**Exercise:**
Write out the entries below once more, exactly, with the pictures left out.

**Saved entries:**

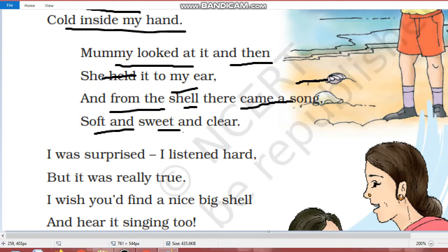Soft and sweet and clear. Aur woh gana kaisa tha? Bilkul soft, bilkul komal, sweet, mihtha. And bilkul saaf. Mein usse saaf saaf sun pa raha tha.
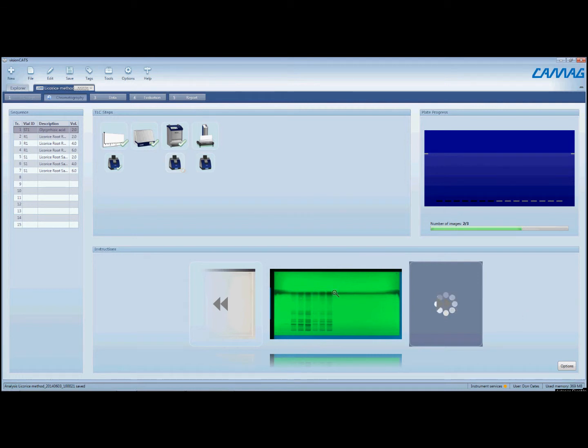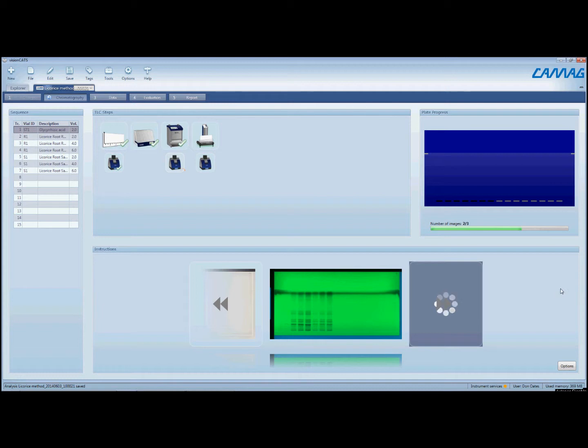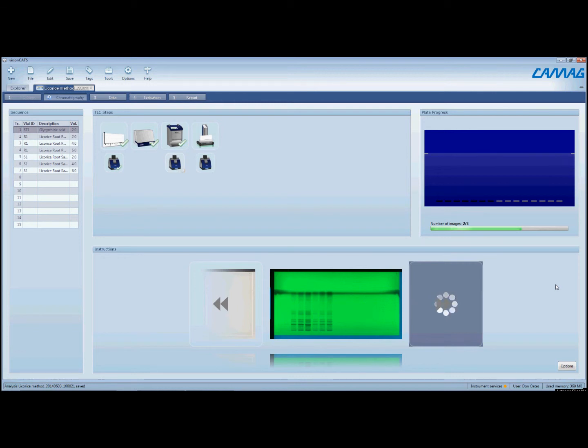You'll notice the dark line on the plate here. That is most likely due to the plate being a little bit dirty when I used it. I probably should have rinsed the plate, pre-washed the plate beforehand, which is something we typically recommend doing, where you would just develop the plate in methanol all the way up to the top of the plate and then dry the plate thoroughly.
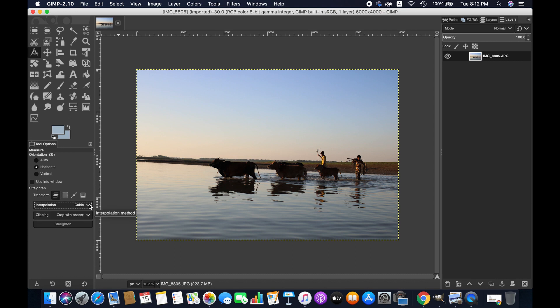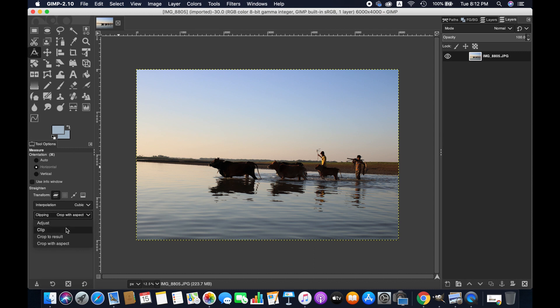Then for clipping options, you have different options. Since we're working with the horizon, I would recommend going with this option: crop with aspect ratio. I'm selecting this, and then you have the measurement tool.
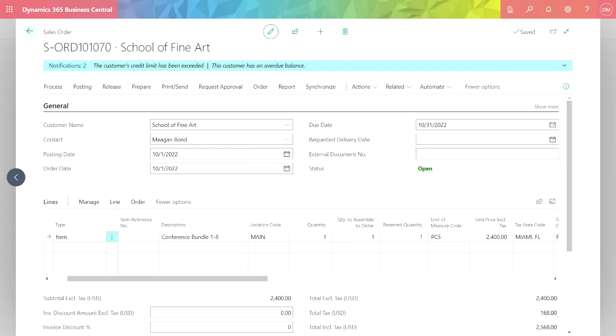Here's my sales order. I've got this conference bundle here. This is an assembly that includes a number of furniture items in it. This is already on the sales order, so it's already put together the assembly order to create this bundle.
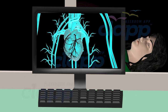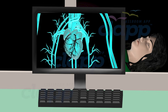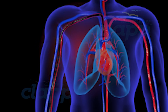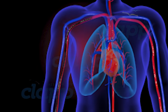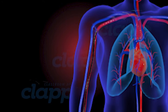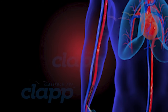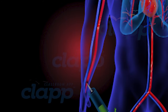X-ray images are taken as the dye moves through the blood vessels. These images help the doctor visualize any blockages, narrowing, or abnormalities in the blood vessels. After the necessary images are obtained, the catheter is removed, and pressure may be applied to the insertion site to prevent bleeding.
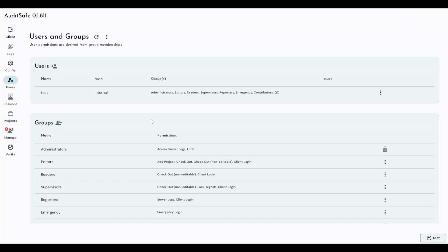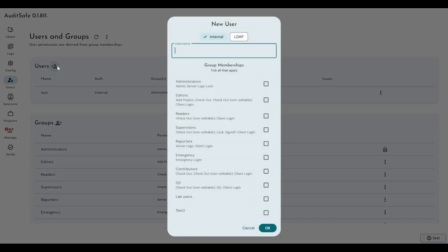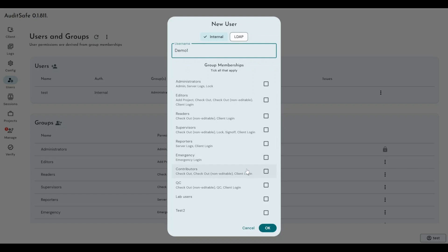And it allows you to infer that if someone is an analyst, you would know what permissions they already have. So, user creation, you would add a new user, give them a username, say demo1, and you would tick which group you want them to be a member of. Now, users can be members of multiple different groups and they can also be members of custom groups that you've created.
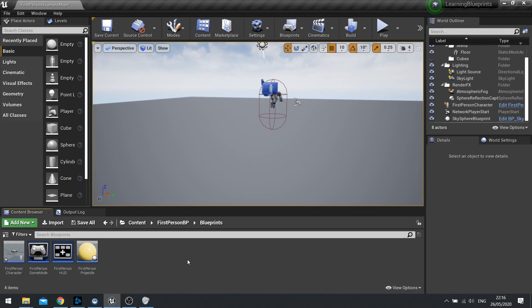Hi everyone and welcome back to a snack-sized video on learning how to use Unreal Engine 4. In this video we're going to cover the topic of event dispatchers, what they are, how we use them, and why we would use them.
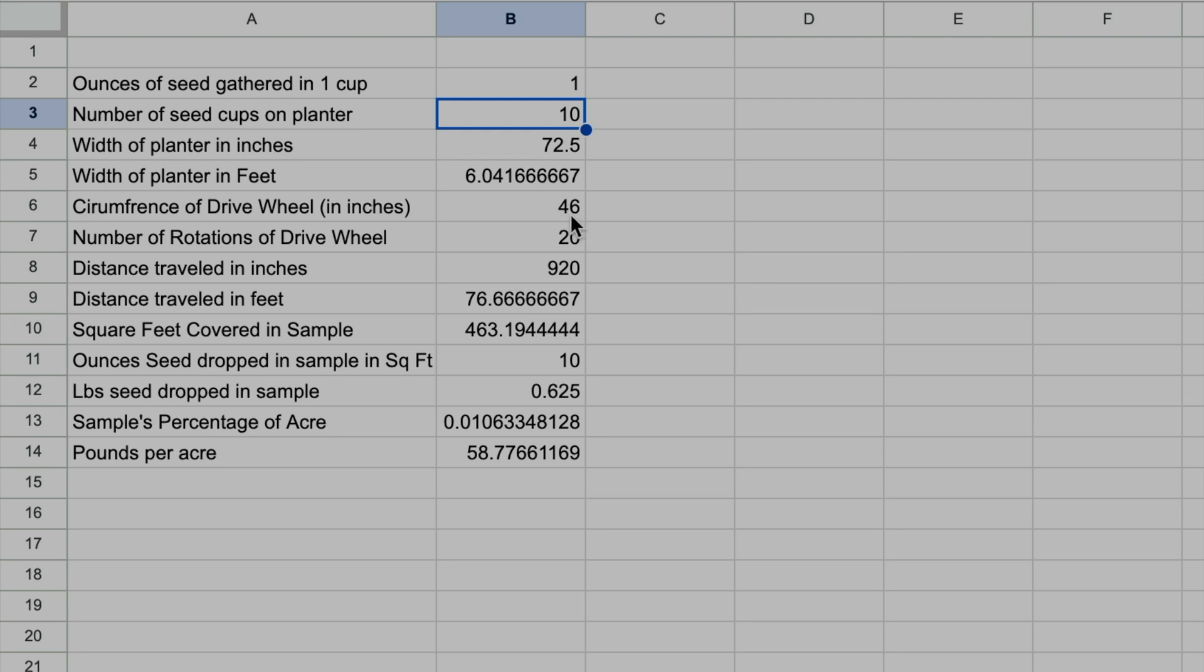This is not necessary if you're going to just drive your planter, say, for 500 feet. You can measure 500 feet, drive it, and you don't need to know the circumference of the drive wheel. I just find it so much easier to lift the machine up, turn the drive wheel 20 exact times, and then I don't have to worry about it.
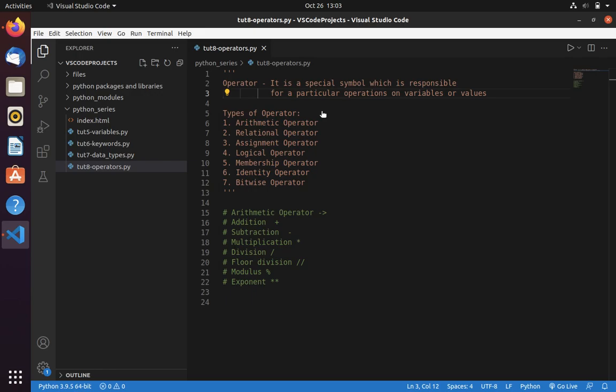Welcome to Code with Metacool channel. Today we are going to learn what is operator in Python. It is a special symbol which is responsible for a particular operation on variables or values. We have different types of operators in Python.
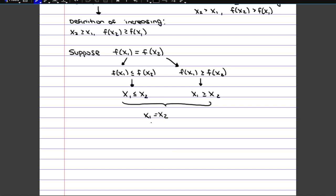But if x1 equals x2, then we're just talking about the same point, so obviously f(x1) will equal f(x2). The point is that the only time y values can be equal to each other is when you're looking at the same point. That confirms the function is strictly increasing, because for all other points the y values will be getting bigger — they won't be staying the same. So this confirms that if x2 is bigger than x1, then f(x2) will not only be bigger or equal to f(x1), but specifically strictly bigger than f(x1).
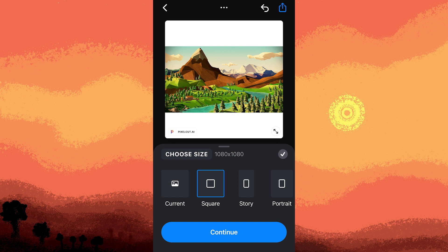Remember, Instagram may still apply its own compression and resizing algorithms, but by using an external photo editing app to match Instagram's aspect ratio, you can have more control over how your photo appears on the platform.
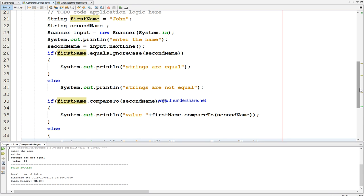The compareTo method compares the first letter of the first name with the first letter of the second name. For example, take Roger and Robert - R and O match in both. The third letter: G in Roger and B in Robert. G comes five letters after B in the alphabet, so that's the difference value.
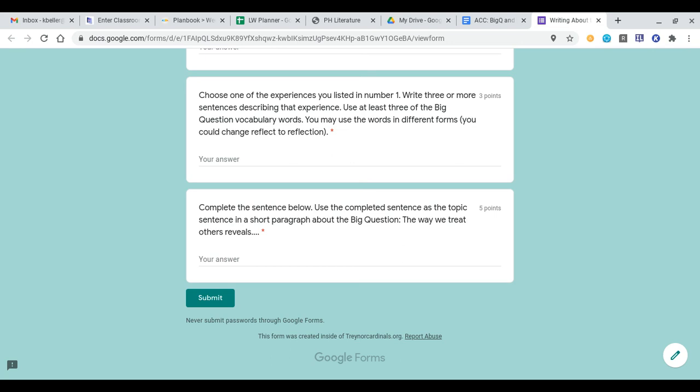You'll then pretend like that is the topic sentence of a paragraph to an essay. You're going to finish out that paragraph providing the details and an explanation of your thinking, except you cannot use first or second person pronouns. I want to practice using formal writing on this, so you cannot use first person pronouns like I, me, or my.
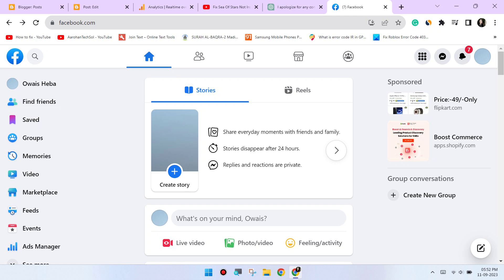Try a different browser. If the issue persists, try using a different web browser to access Facebook. This can help determine if the problem is specific to Chrome.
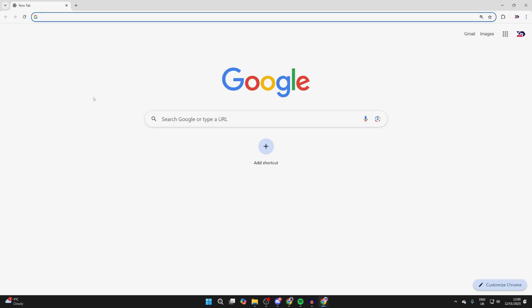For whatever reason you want to change the search engine in Google Chrome, perhaps you want to use a different one to Google or you want to change it back to Google, it doesn't matter. We'll guide you through this step by step.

**Solution to this exercise:**
Soft and sweet and clear. Aur woh gana kaisa tha? Bilkul soft, bilkul komal, sweet, mihtha. And bilkul saaf. Mein usse saaf saaf sun pa raha tha.
You'll notice the dark line on the plate here. That is most likely due to the plate being a little bit dirty when I used it. I probably should have rinsed the plate, pre-washed the plate beforehand, which is something we typically recommend doing, where you would just develop the plate in methanol all the way up to the top of the plate and then dry the plate thoroughly.
Then for clipping options, you have different options. Since we're working with the horizon, I would recommend going with this option: crop with aspect ratio. I'm selecting this, and then you have the measurement tool.
Here's my sales order. I've got this conference bundle here. This is an assembly that includes a number of furniture items in it. This is already on the sales order, so it's already put together the assembly order to create this bundle.
X-ray images are taken as the dye moves through the blood vessels. These images help the doctor visualize any blockages, narrowing, or abnormalities in the blood vessels. After the necessary images are obtained, the catheter is removed, and pressure may be applied to the insertion site to prevent bleeding.
And it allows you to infer that if someone is an analyst, you would know what permissions they already have. So, user creation, you would add a new user, give them a username, say demo1, and you would tick which group you want them to be a member of. Now, users can be members of multiple different groups and they can also be members of custom groups that you've created.
Hi everyone and welcome back to a snack-sized video on learning how to use Unreal Engine 4. In this video we're going to cover the topic of event dispatchers, what they are, how we use them, and why we would use them.
This is not necessary if you're going to just drive your planter, say, for 500 feet. You can measure 500 feet, drive it, and you don't need to know the circumference of the drive wheel. I just find it so much easier to lift the machine up, turn the drive wheel 20 exact times, and then I don't have to worry about it.
Welcome to Code with Metacool channel. Today we are going to learn what is operator in Python. It is a special symbol which is responsible for a particular operation on variables or values. We have different types of operators in Python.
But if x1 equals x2, then we're just talking about the same point, so obviously f(x1) will equal f(x2). The point is that the only time y values can be equal to each other is when you're looking at the same point. That confirms the function is strictly increasing, because for all other points the y values will be getting bigger — they won't be staying the same. So this confirms that if x2 is bigger than x1, then f(x2) will not only be bigger or equal to f(x1), but specifically strictly bigger than f(x1).
Remember, Instagram may still apply its own compression and resizing algorithms, but by using an external photo editing app to match Instagram's aspect ratio, you can have more control over how your photo appears on the platform.
The compareTo method compares the first letter of the first name with the first letter of the second name. For example, take Roger and Robert - R and O match in both. The third letter: G in Roger and B in Robert. G comes five letters after B in the alphabet, so that's the difference value.
You'll then pretend like that is the topic sentence of a paragraph to an essay. You're going to finish out that paragraph providing the details and an explanation of your thinking, except you cannot use first or second person pronouns. I want to practice using formal writing on this, so you cannot use first person pronouns like I, me, or my.
Try a different browser. If the issue persists, try using a different web browser to access Facebook. This can help determine if the problem is specific to Chrome.
For whatever reason you want to change the search engine in Google Chrome, perhaps you want to use a different one to Google or you want to change it back to Google, it doesn't matter. We'll guide you through this step by step.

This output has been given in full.